In June 2019, The New York Times cited researchers who found that users who watched erotic videos could be recommended seemingly innocuous videos of children. As a result, Senator Josh Hawley stated plans to introduce federal legislation that would ban YouTube and other video sharing sites from including videos that predominantly feature minors as "recommended" videos, excluding those that were "professionally produced", such as videos of televised talent shows. YouTube has suggested potential plans to remove all videos featuring children from the main YouTube site and transferring them to the YouTube Kids site where they would have stronger controls over the recommendation system, as well as other major changes on the main YouTube site to the recommended feature and auto-play system.

== Misogyny ==
An August 2022 report by the Center for Countering Digital Hate, a British think tank, found that harassment against women was flourishing on YouTube.

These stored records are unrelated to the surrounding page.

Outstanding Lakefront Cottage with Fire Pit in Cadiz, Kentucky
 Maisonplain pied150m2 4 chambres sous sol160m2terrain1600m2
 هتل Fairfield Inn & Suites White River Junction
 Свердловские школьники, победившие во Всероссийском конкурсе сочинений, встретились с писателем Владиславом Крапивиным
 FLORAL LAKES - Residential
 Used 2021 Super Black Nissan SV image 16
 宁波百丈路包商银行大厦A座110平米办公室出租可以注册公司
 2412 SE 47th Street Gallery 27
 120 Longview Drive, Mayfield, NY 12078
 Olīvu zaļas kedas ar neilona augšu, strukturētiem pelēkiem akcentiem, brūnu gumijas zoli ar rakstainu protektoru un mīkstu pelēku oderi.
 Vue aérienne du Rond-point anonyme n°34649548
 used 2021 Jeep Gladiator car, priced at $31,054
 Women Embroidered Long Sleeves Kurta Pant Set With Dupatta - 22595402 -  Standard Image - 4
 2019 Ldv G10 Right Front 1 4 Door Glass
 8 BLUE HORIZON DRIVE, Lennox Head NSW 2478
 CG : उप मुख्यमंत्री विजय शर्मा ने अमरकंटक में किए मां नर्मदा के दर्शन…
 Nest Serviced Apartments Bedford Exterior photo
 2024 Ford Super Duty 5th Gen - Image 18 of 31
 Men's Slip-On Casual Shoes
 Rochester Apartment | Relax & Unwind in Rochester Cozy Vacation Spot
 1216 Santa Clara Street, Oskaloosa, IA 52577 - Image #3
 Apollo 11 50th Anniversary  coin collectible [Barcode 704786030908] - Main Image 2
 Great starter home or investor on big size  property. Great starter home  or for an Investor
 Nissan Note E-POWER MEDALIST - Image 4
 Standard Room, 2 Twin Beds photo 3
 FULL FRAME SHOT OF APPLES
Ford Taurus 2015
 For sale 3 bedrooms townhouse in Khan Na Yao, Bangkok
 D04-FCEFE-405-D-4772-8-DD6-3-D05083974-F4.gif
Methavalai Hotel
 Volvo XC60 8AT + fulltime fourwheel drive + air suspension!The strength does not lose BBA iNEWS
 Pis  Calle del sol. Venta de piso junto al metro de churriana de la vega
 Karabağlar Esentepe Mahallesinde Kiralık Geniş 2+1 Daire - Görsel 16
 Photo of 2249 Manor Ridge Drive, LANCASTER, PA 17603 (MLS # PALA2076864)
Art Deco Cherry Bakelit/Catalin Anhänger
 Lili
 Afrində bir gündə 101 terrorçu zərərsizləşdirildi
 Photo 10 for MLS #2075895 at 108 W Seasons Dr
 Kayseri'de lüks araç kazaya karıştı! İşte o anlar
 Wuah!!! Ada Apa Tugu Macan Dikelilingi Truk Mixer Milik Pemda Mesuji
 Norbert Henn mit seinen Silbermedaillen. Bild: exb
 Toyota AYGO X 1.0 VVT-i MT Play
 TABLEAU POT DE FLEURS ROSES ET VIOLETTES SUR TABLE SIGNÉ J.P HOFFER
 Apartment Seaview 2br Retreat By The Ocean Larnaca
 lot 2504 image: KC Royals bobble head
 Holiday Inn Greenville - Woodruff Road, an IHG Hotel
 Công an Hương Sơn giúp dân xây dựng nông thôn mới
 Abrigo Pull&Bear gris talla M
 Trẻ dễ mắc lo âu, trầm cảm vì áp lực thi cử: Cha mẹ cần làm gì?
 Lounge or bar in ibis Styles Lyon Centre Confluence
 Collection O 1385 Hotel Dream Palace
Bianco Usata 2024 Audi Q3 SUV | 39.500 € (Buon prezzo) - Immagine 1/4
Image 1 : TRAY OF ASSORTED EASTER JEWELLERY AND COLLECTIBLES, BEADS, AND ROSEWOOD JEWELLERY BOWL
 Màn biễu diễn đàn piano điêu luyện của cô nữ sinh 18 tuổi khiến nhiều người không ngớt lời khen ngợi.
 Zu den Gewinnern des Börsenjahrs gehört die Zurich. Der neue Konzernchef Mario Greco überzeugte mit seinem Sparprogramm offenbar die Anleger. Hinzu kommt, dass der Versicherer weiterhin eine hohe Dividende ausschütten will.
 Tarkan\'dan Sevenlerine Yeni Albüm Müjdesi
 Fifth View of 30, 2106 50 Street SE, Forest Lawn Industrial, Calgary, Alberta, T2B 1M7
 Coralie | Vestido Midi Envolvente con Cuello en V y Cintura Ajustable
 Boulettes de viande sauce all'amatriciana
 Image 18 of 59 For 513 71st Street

It noted that channels espousing a similar ideology to that of men's rights influencer Andrew Tate were using YouTube to grow their audience, despite Tate being banned from the platform. In his 2022 book Like, Comment, Subscribe: Inside YouTube's Chaotic Rise to World Domination, Bloomberg reporter Mark Bergen said that many female content creators were dealing with harassment, bullying, and stalking.

In September 2025, 404 Media reported that a YouTube channel featuring AI-generated videos of women being shot in the head had accumulated over 175,000 views since June. The videos had been generated using Google's Veo. YouTube removed the channel for violating its terms of service following a request for comment from 404 Media.